Monday, November 12, 2007

Medical Divorce

Went to my first tumor board today. It was pretty cool, nice to finally see some real pathology from actual patients. One patient had Burkitt's Lymphoma with the classic starry sky appearance, that one was particularly interesting. They had her on some sort of a port through her head to give her intrathecal chemo, I need to look that one up and see why intrathecal rather than systemic. It was nice seeing actual doctors review cases together and ask each other questions about why they handled certain cases the way they had. Also need to look up EGFR.

There was one patient who had had 4 stereotypic screening biopsies in two regions of her left breast, and one from each region showed pretty severe calcifications. It was documented that all physicians involved independently recommended a mastectomy, and the patient refused. A girl from my class spoke up and said she'd seen her in primary care, and she was a very difficult patient. She's a smoker with emphysema and uncontrolled diabetes, and she also has temporal arteritis but refuses to get a biopsy done. Between that and the diabetes, it's only a (probably short) amount of time until she goes blind. My classmate said her rationale for refusing the mastectomy is that she saw a program on TV where a lady had a total mastectomy and then ended up being cancer free. She firmly believed that when the biopsies were done, the cancer was now gone and she was cured.

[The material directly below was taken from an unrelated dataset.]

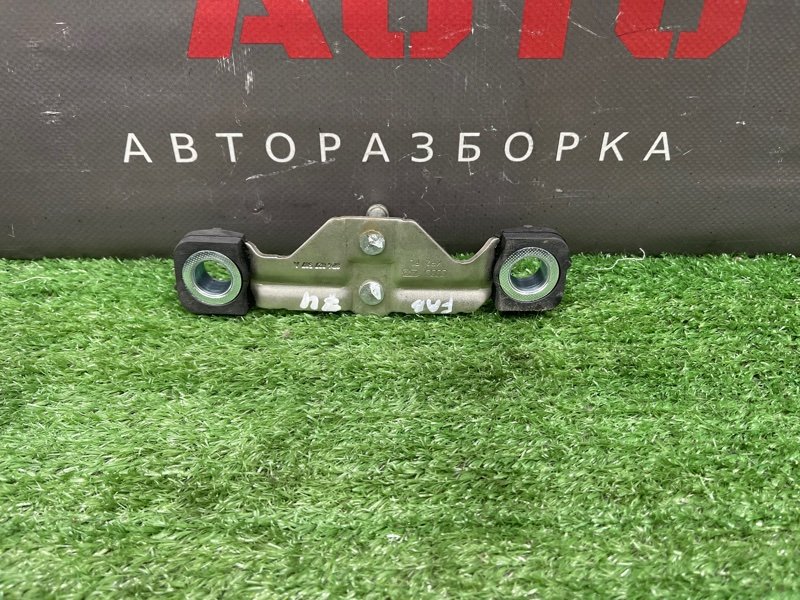 Ответная часть замка багажника Skoda Fabia 2 2011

The oncologist in the room said that it was important for all docs involved not only to chart that she'd refused the mastectomy, but also have her sign a paper saying the same. He said that he'd divorced her. A ripple went through the crowd that each doc involved had done the same, and her primary care was getting ready to.

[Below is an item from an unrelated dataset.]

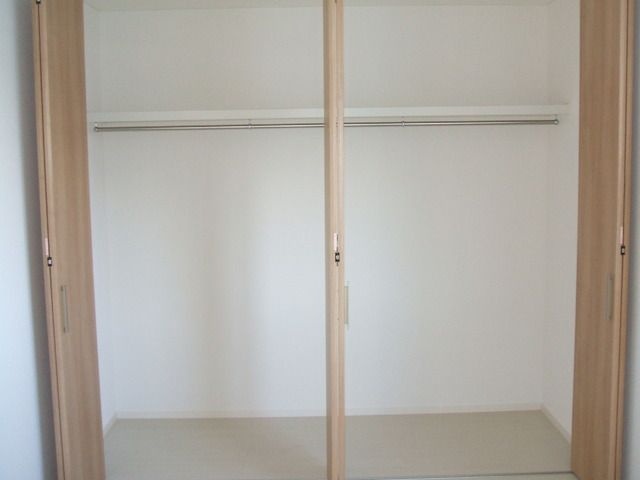キッチン　衣類の収納に便利なクローゼットが付いています！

Such an interesting term to use for basically kicking a patient out, divorced. I've much more commonly heard it referred to as firing a patient, but that one doesn't make a whole hell of a lot of sense either. Where does the responsibility of the doctor end and the responsibility of the patient begin? And how is it helping the whole situation if the doctors involved switch from being primarily concerned about the patient's well-being to being concerned about not getting sued? I guess it makes them more aware that the patient understand exactly what she's turning down, but I feel like the system is forcing us to compromise our ethics at times. I mean, I know the responsibility of the doc can only go so far, but it seems wrong that good doctors need to "divorce" a patient when they realize that the patient is an idiot and their risk of getting sued is too high. I wonder if the older docs, or I guess the middle aged ones who've dealt with this longer even realize how fucked up it is anymore. I hope they do.

Addendum:

EGFR is "
epidermal growth factor receptor (EGFR; ErbB-1; HER1 in humans) is the cell-surface receptor for members of the epidermal growth factor family (EGF-family) of extracellular protein ligands." Yeah Wikipedia. I thought it was some sort of growth factor.

And here it talks about why to use intrathecal chemo in Burkitt's, there's a high chance of meningeal involvement.

And bam I was right that the Burkitt's translocation is t(8;14).